**HOW TO COMPLETE THIS TASK:** Copy out each line below verbatim, skipping any picture.

[[ PROVIDED MATERIAL, beginning ]]

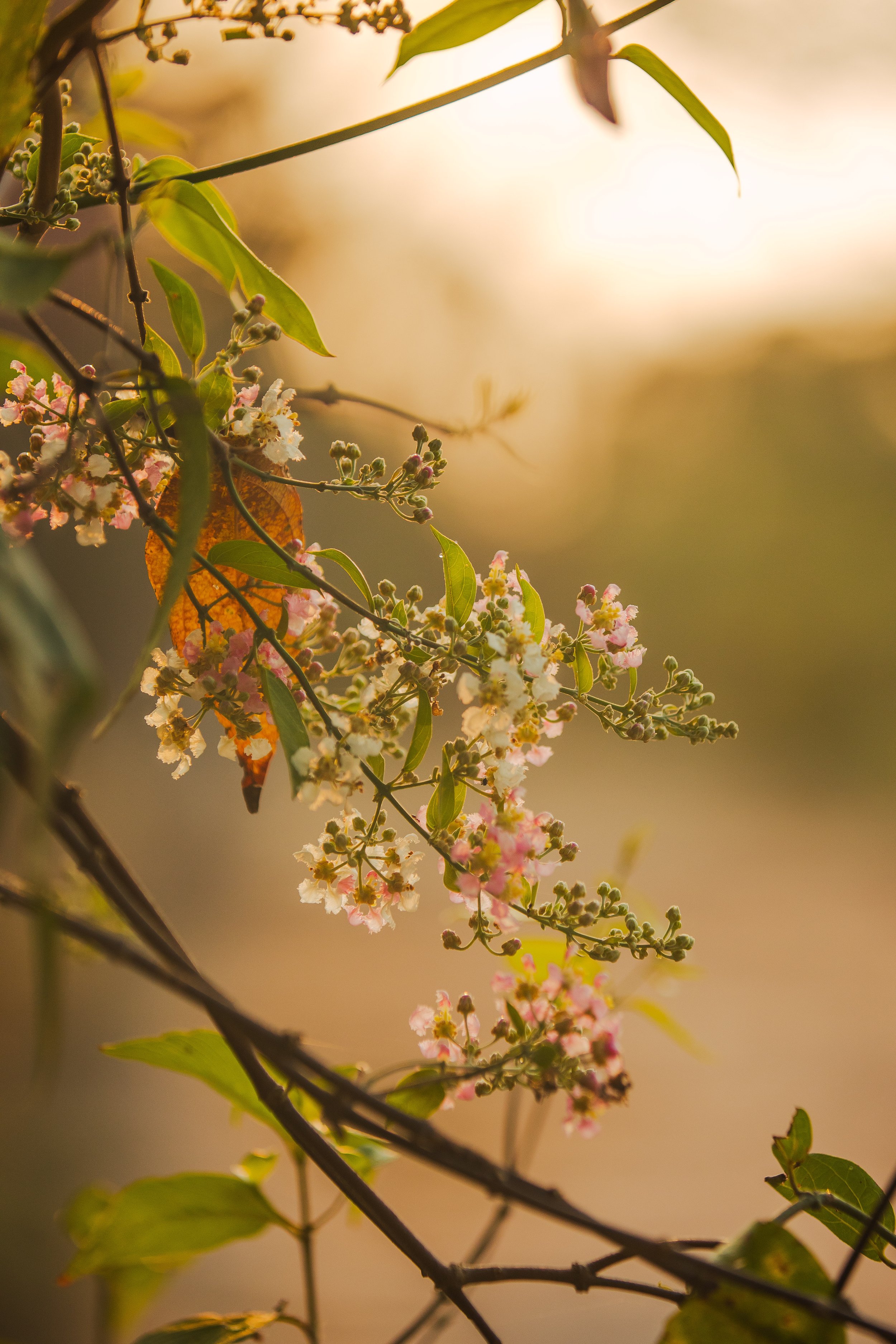 Shipibo ayahuasca retreat amazon rainforest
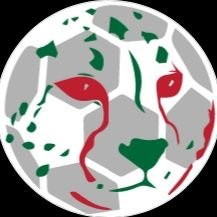 Team Melli Talk! The first YouTube show in English dedicated to the national team of Iran! https://t.co/Ol5MCmXKFT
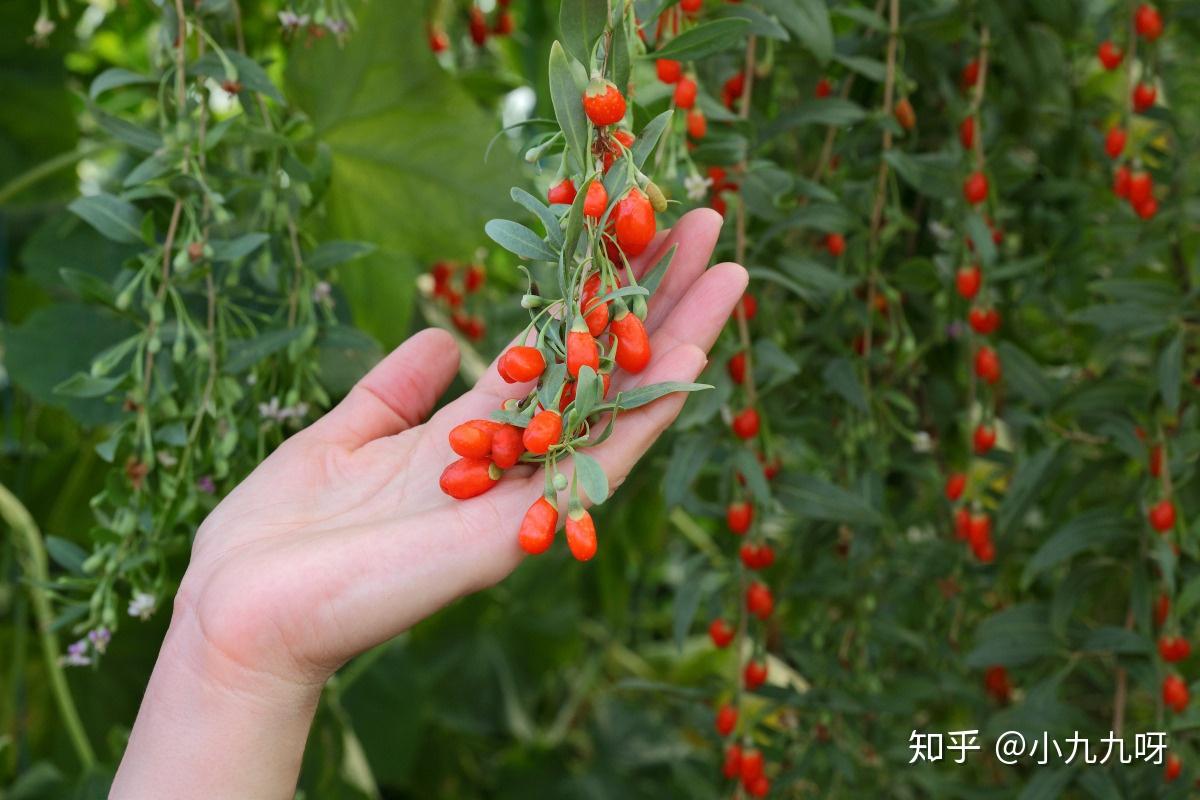v2-25c9f63d6bc4061d4a16ea41132f2d43_r.jpg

[[ PROVIDED MATERIAL, end ]]

**WRITTEN SOLUTION:**
 Shipibo ayahuasca retreat amazon rainforest
 Team Melli Talk! The first YouTube show in English dedicated to the national team of Iran! https://t.co/Ol5MCmXKFT
v2-25c9f63d6bc4061d4a16ea41132f2d43_r.jpg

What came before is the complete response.